Home Is Where the Jobs Are

Rural communities work with business to stop the brain drain

Wallace Harwood worked for almost five years as an information systems manager for an energy company in Nebraska, commuting 90 miles a day between his home in Kearney and his office in Lexington. By 2011 he’d found little opportunity for job growth and was thinking about leaving the state when he heard about a job with Xpanxion, an Atlanta-based custom software developer that has three offices in Nebraska, including two in Harwood’s hometown. In April 2012, he started a job as an automation engineer. “It completely changed the game for me,” says Harwood, 34. “I’m bringing in a good salary without the two-hour commute and with all of the benefits that you get from rural Nebraska.”

Harwood’s job is one of about 100 created in Nebraska over the past six years as part of Xpanxion’s plan to hire skilled workers in the state’s smaller cities and towns. The effort, says Xpanxion Chief Executive Officer Paul Eurek, a native Nebraskan, cuts labor costs while bringing jobs and people back to areas where the population is stagnant or falling.
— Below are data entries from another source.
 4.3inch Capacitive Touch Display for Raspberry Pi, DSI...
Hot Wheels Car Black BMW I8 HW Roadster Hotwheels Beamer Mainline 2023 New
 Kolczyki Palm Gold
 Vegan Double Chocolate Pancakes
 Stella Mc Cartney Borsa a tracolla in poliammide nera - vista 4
Decades of migration out of Midwestern farming states and manufacturing areas in the Northeast have left many communities with fast-aging populations and depleted talent. Population decreases can have long-term economic consequences, says Mark Mather, associate vice president of U.S. programs with the Population Reference Bureau, a think tank in Washington. The communities “get caught in a downward spiral, because businesses move away because there aren’t enough people,” he says. Recruiting businesses into these areas is difficult if the labor market isn’t strong, says John Cromartie, a geographer from the U.S. Department of Agriculture.

Eurek, who left the state in 1983 in search of a technology job after graduating from the University of Nebraska, is hoping to reverse the trend. “I had a feeling that if I got back to Nebraska I could really start generating some interest within the technology sector,” he says. He returned to the state in 2007 to open Xpanxion’s first Kearney office. Since then, he says, what he calls a “rural sourcing” model—to outsource work from urban to rural areas—has gained momentum.
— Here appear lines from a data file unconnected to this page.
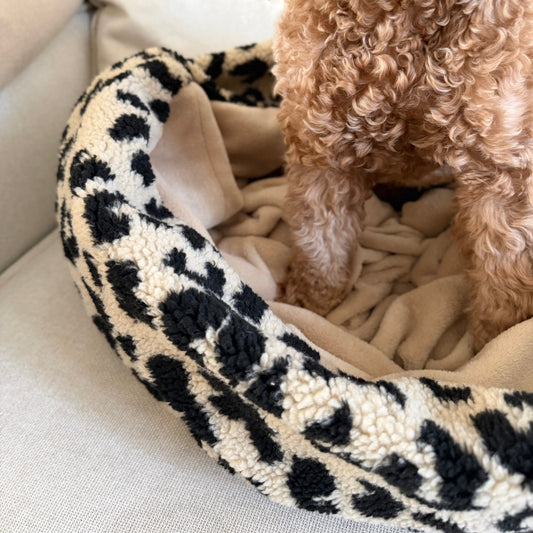 Kuschelnest - Leo Black/Creme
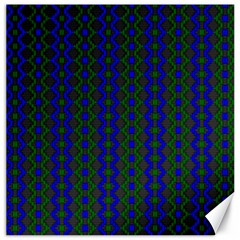 Split Diamond Blue Green Woven Fabric Canvas 20  x 20  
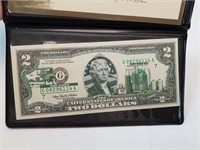 OF) UNC 2003 Michigan $2 note
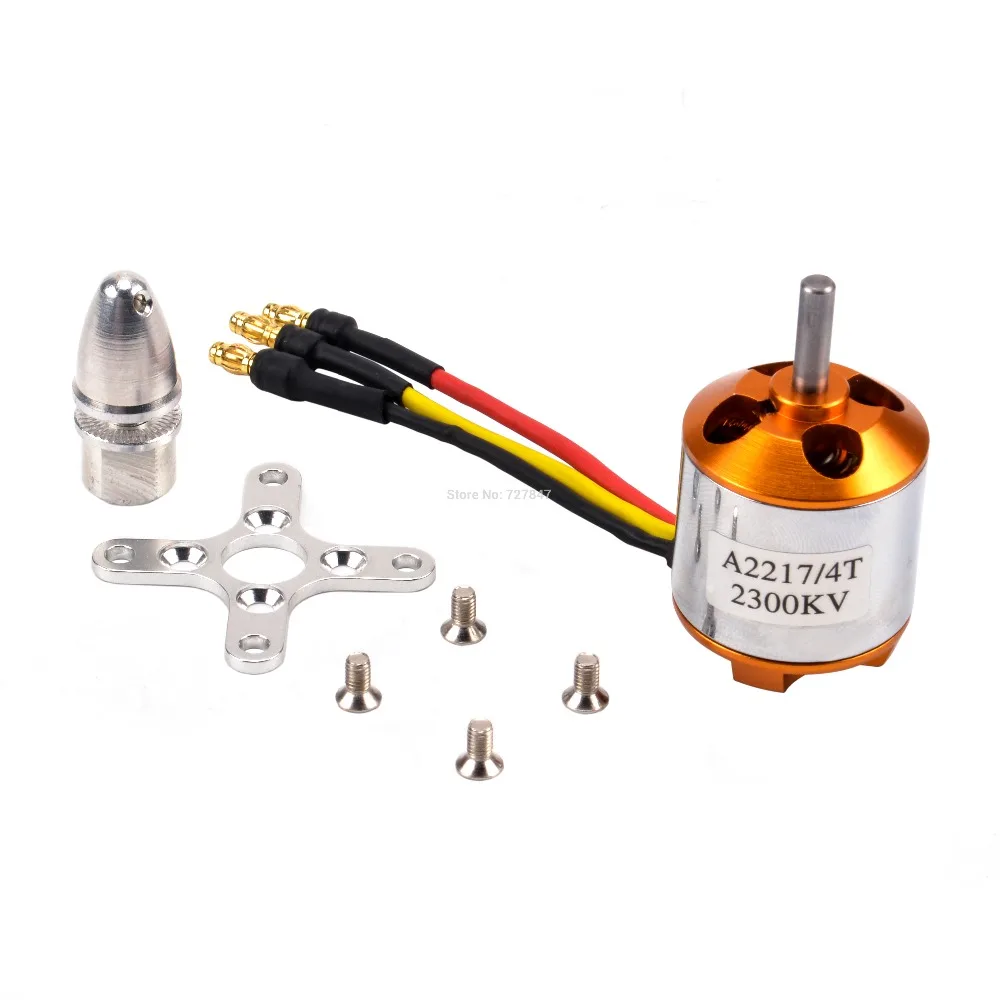 2217 2300KV A2217 2217 1100KV/1250KV/2300KV бесщеточный мотор+ 40A ESC+ SG90 Servo+ 6040/8060/1060 опора для RC высокое Скорость фиксации крыла - Цвет: 2217 2300KV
The company has established a program with the Center for Rural Research and Development at the University of Nebraska at Kearney and with the university’s alumni association to recruit graduates. “We want to inform individuals who left a place like Nebraska that these types of jobs are available in rural America, where before they might not have been,” Eurek says.

The program, called the Rural Sourcing Project, is one of several efforts around the country—from student loan repayment programs to tax deductions—to spur economic growth by attracting more people and jobs. In upstate New York, the Niagara Falls Community Development Department hopes to draw residents back by auctioning off vacant city-owned houses, some for less than $3,000. The first three homes were sold in September, with another auction planned for February, according to community development director Seth Piccirillo. The city hopes to sell an additional 10 to 20 houses in 2014. “We are trying to find any way to make living here, staying here, and buying and renovating a home as financially feasible as possible,” says Piccirillo.
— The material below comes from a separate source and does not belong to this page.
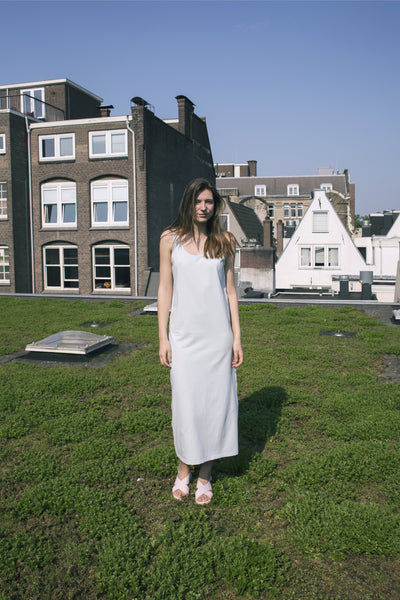 Dresses - Open Back Long Dress Blue <br> By Signe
Kansas is trying to attract out-of-staters and its own residents in metropolitan areas to rural areas by offering student loan reimbursements of up to $15,000. Also, out-of-staters who move to any of its designated “rural opportunity zones”—those with shrinking or stagnant populations—can have their state income taxes waived for up to five years.

Because of the loan repayment option, Patrick and Amber Patterson, both 25, returned to their hometown of Phillipsburg, Kan., after graduating from Fort Hays State University in Hays, Kan. They’d expected to stay in a bigger city where higher salaries would have helped them pay off their student debt. The couple, who have two children, also find it easier to manage other costs. “When it comes to day care, that is cheaper, and we know a lot of people around the town if we need a baby sitter,” Patrick says.

This spring, Nebraska’a jobs program will expand to include additional businesses, says Shawn Kaskie, director of the Center for Rural Research and Development. Like Xpanxion, the companies will post jobs to a database to recruit alums.

“Addressing the brain drain revitalizes small towns,” Kaskie says. And, says Eurek, it gives younger Nebraskans a choice he didn’t have: “We are offering the students at least an opportunity to stay here.”